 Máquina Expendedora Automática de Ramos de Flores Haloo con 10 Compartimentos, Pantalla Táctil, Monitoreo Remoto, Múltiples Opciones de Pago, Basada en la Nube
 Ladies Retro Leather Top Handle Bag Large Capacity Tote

========

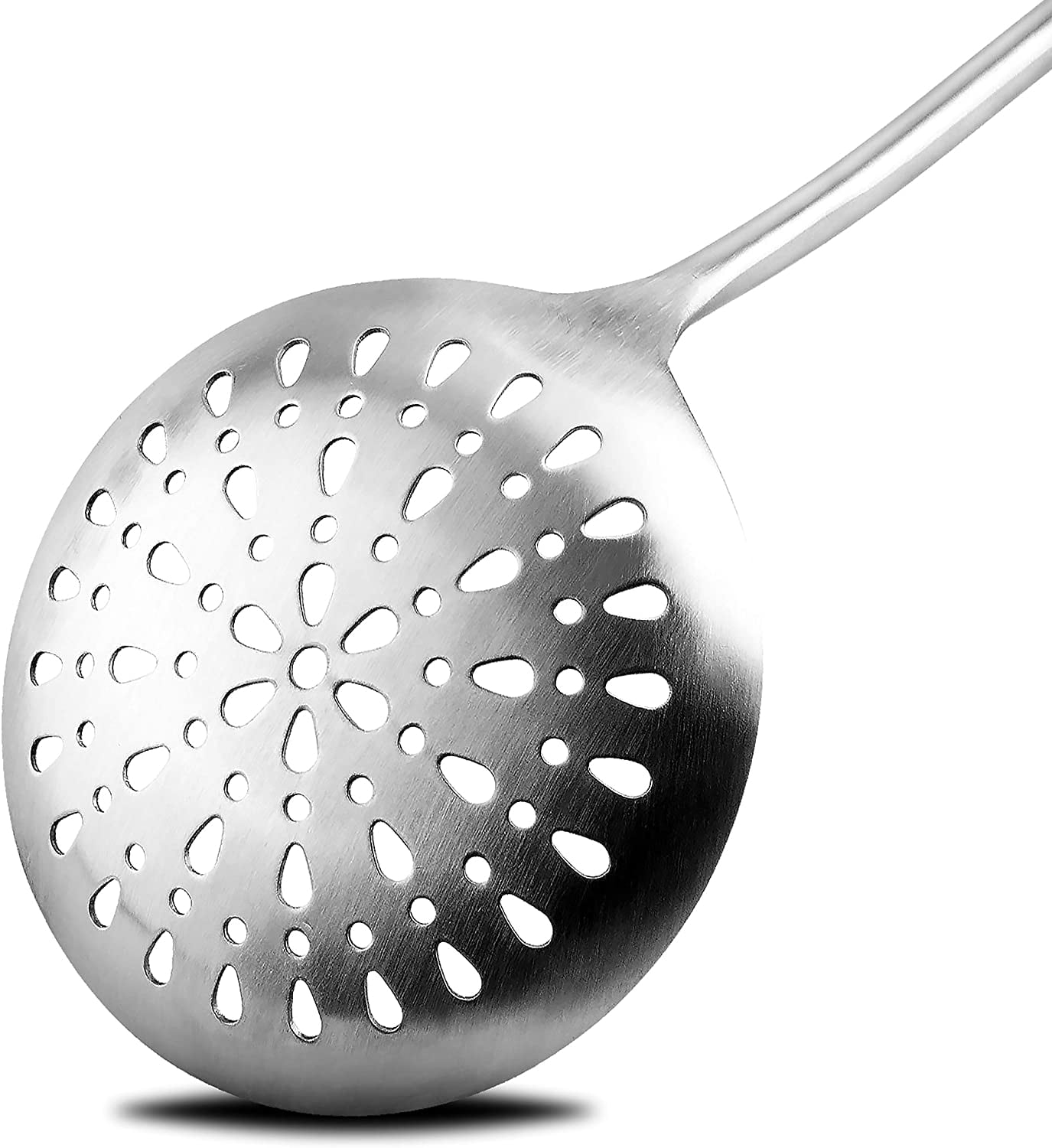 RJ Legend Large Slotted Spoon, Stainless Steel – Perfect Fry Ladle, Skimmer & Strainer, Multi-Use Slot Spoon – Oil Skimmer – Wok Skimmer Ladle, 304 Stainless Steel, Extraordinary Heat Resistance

========

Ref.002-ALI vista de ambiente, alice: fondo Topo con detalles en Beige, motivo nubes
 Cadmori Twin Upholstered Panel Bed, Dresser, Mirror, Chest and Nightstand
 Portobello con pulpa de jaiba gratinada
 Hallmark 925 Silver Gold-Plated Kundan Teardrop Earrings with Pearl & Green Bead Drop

========

_WHAT IS BEING ASKED:_ Will you return exactly the lines above from the one with "Máquina Expendedora Automática" down to the one with "Ladies Retro Leather", counting both as part of the range?

_WORKED SOLUTION:_
 Máquina Expendedora Automática de Ramos de Flores Haloo con 10 Compartimentos, Pantalla Táctil, Monitoreo Remoto, Múltiples Opciones de Pago, Basada en la Nube
 Ladies Retro Leather Top Handle Bag Large Capacity Tote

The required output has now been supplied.